Leave out the pictures, then return the records word for word.

-- Image-text web data --

+ + + +

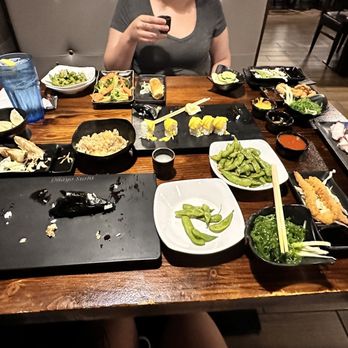 Ohayo Sushi - Sushi Bars Near Me - Webster, Texas
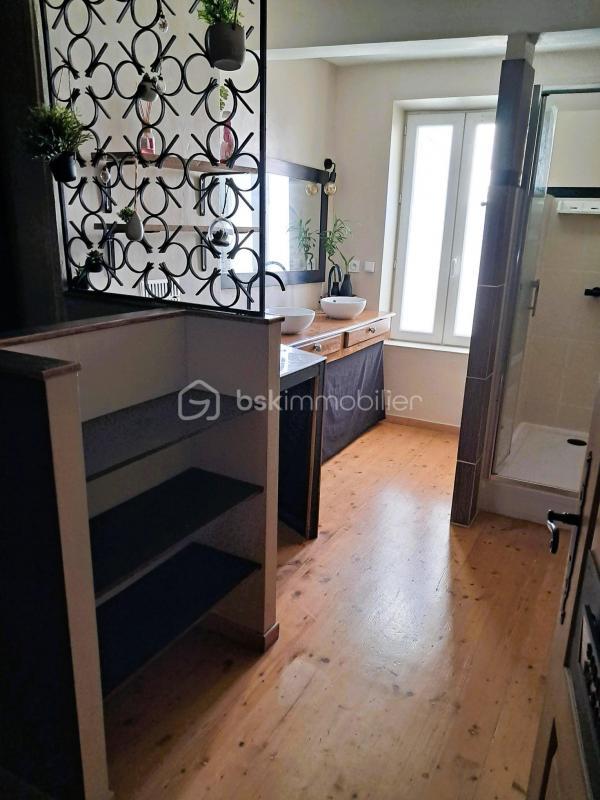 Maison ancienne - 87 m² - 4 pièces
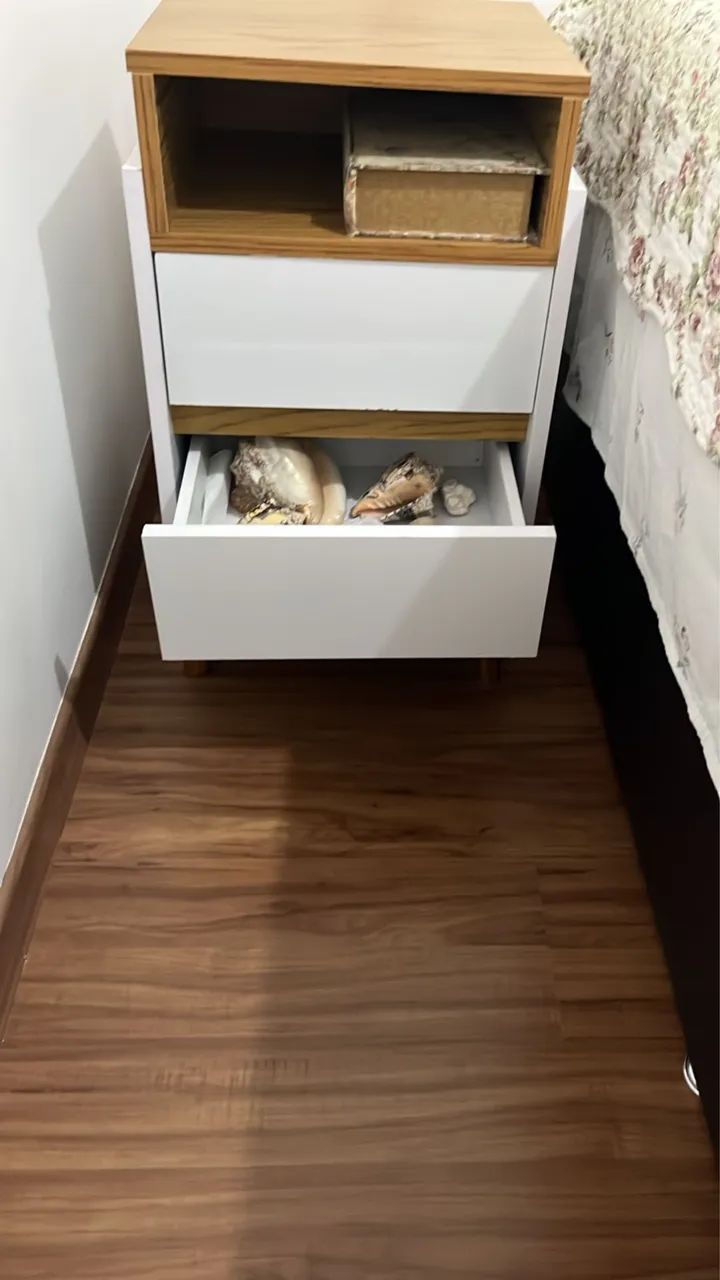 Vendo Criado Mudo Para Quarto - Foto 3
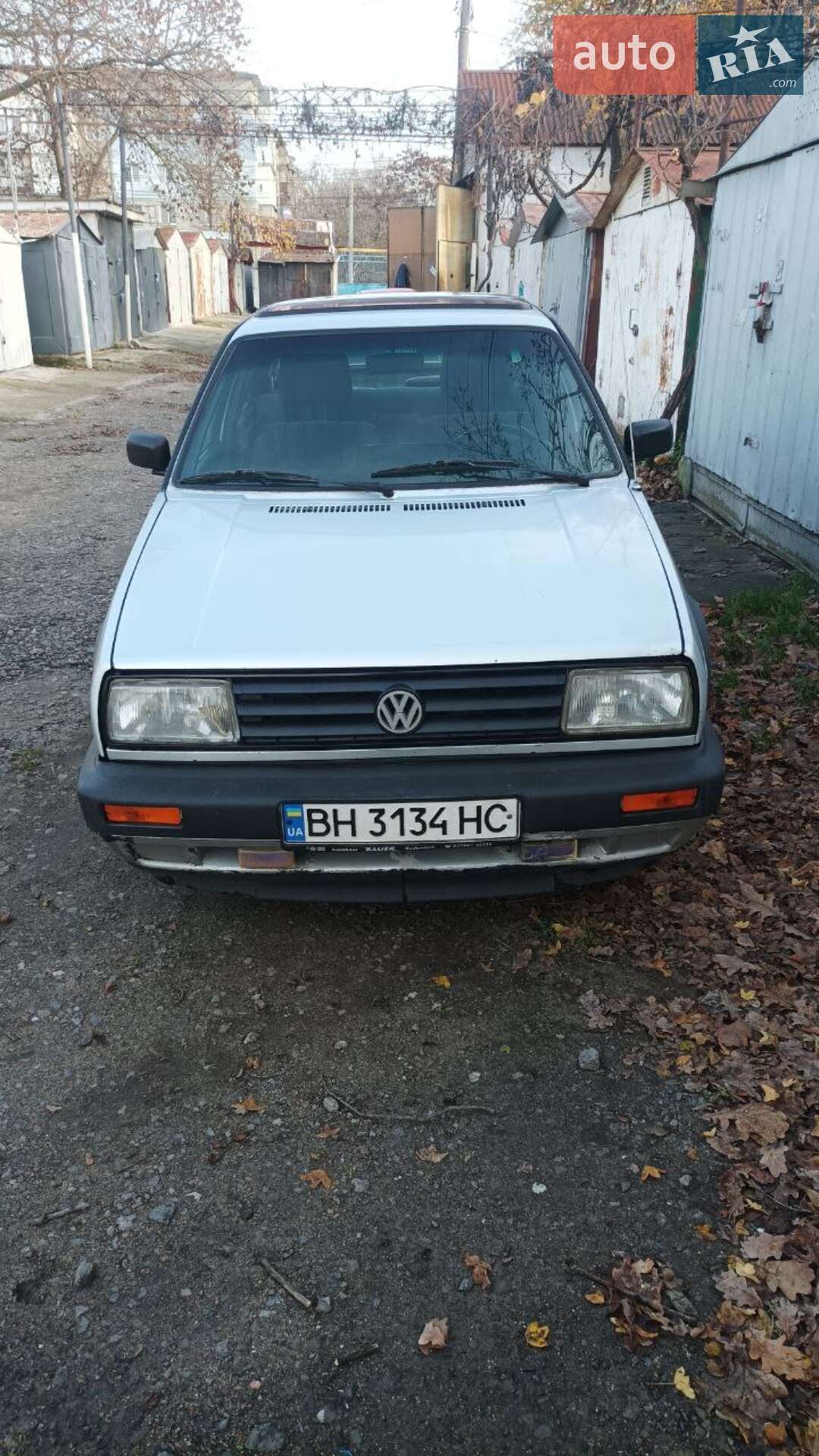 Volkswagen Jetta 1990 VIN WVWZZZ1GZMW140478 фото оголошення 12 з 18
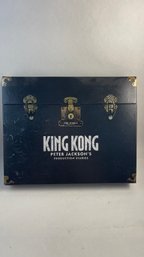 KING KONG PETER JACKSONS PRODUCTION DIARIES DVD 2 DISC BOX SET W/ 4 Prints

+ + + +

-- Answer space --
 Ohayo Sushi - Sushi Bars Near Me - Webster, Texas
 Maison ancienne - 87 m² - 4 pièces
 Vendo Criado Mudo Para Quarto - Foto 3
 Volkswagen Jetta 1990 VIN WVWZZZ1GZMW140478 фото оголошення 12 з 18
 KING KONG PETER JACKSONS PRODUCTION DIARIES DVD 2 DISC BOX SET W/ 4 Prints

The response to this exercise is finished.